New York, NY airplane falls from sky during race, Oct 1913

A TIMES FLIER FALLS INTO BAY; RACE, 3:30 TO-DAY

Flying to Staten Island for Start of Derby, Walb Aeroplane Enters an Air Pocket.

A STEAMBOAT SAVES HIM

Caught in an air pocked while flying at an altitude of 4,500 feet, Capt. William Walb lost control of his aeroplane at 4:30 o'clock yesterday afternoon and fell into the Narrows in the bay. Five minutes later he was picked up by the Quarantine station steamboat Gov. Flower and taken to Staten Island. His aeroplane was saved, but it was much damaged by the fall. The aviator, when he fell, was flying from the aviation field on Hempstead Plains, L. I., to the aerodrome of the Aeronautical Society at Oakwood Heights, S. I., where he intended to start this afternoon as No. 10 in THE NEW YORK TIMES'S Aerial Derby around Manhattan, which is to be the chief feature of the Aeronautical Society's meet to commemorate the first flight ten years ago of the late Wilbur Wright in a power-driven aeroplane, and for which nine aeroplanes are now on the ground. He had been in the air forty minutes when the accident occurred.

It was announced on Saturday that C. Murvin Wood, in his military aeroplane, the Blue Bird; Albert J. Jewel, in a Moisant aeroplane, and Capt. Walb, in a Schneider biplane, would fly from Long Island to Staten Island by way of Jamaica Bay, Coney Island, and the Narrows to Oakwood Heights. Capt. Walb was the first of the three aviators to start. Wood made the flight successfully, but Jewel decided after his aeroplane had been wheeled from the hangar that it was not in proper condition for the trip. he will go to Oakwood Heights this morning.

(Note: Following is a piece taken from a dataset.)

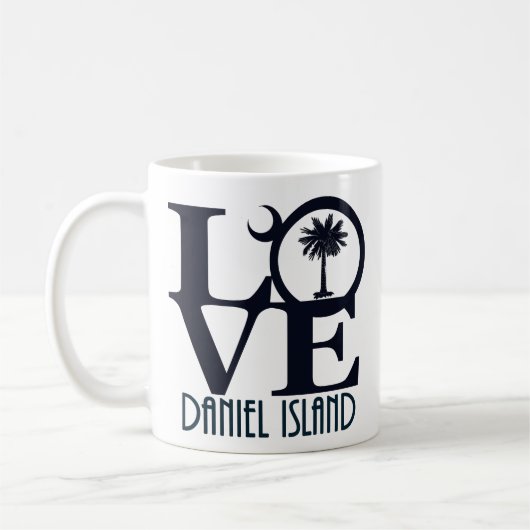 LOVE Daniel Island 11oz Koffiemok (Links)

The prospect of seeing the aviators start attracted a large crowd to the field at Hempstead, and another large throng awaited their arrival at the aerodrome on Staten Island. Other aviators made ascents at both fields in the afternoon, and two of the contestants made the preliminary flights required by the rules for THE NEW YORK TIMES race. The spectators lingered long after Wood arrived, in the hope of seeing Capt. Walb end the journey on which it was known he had started, but it was not until after dark that it was learned at Oakwood Heights that Walb had met with a mishap.

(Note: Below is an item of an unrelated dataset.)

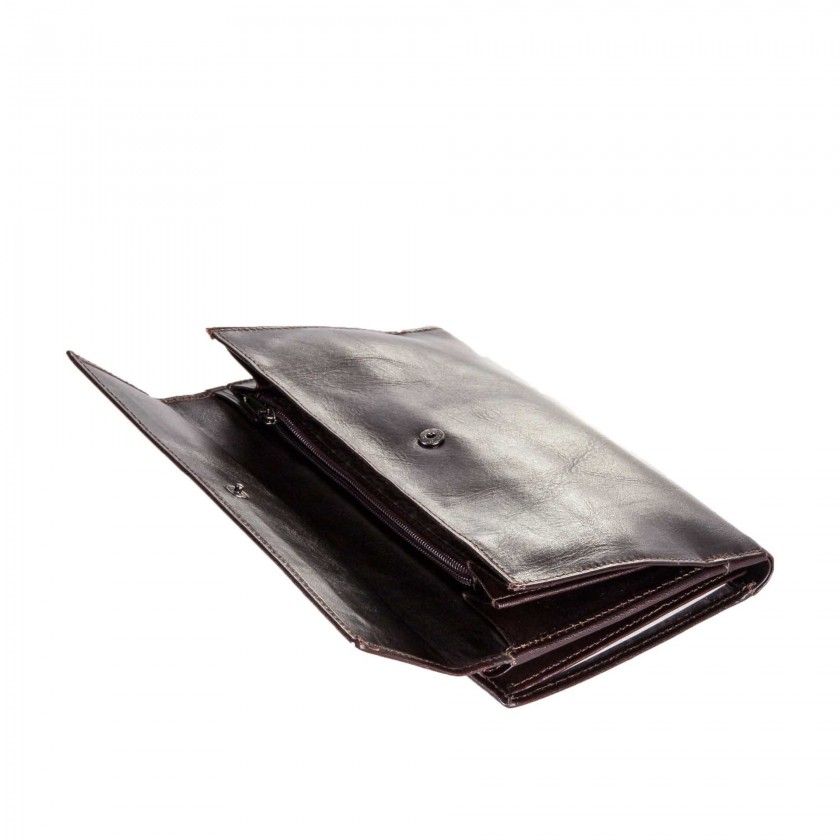 Carteira Senhora Pele Castanho Carteira Senhora Pele Castanho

Walb Starts Without Trouble.

Capt. Walb ascended from the aviation field on Hempstead plains at 3:50 o'clock in the afternoon. He and his mechanic had been at work on the engine of his aeroplane before the start, and for some days the Captain had been making practice flights to test his biplane for structural weaknesses or engine trouble. His machine was in good condition when it was wheeled out in front of the hangar earlier in the afternoon. The engine started for the flight without a hitch, and after the aeroplane left the ground Capt. Walb circled low around the aviation field before ascending to an altitude of 4,000 feet for the trip to Staten Island. The hum of his motor could be heard by the spectators in the field for some time after the aeroplane had been lost to view.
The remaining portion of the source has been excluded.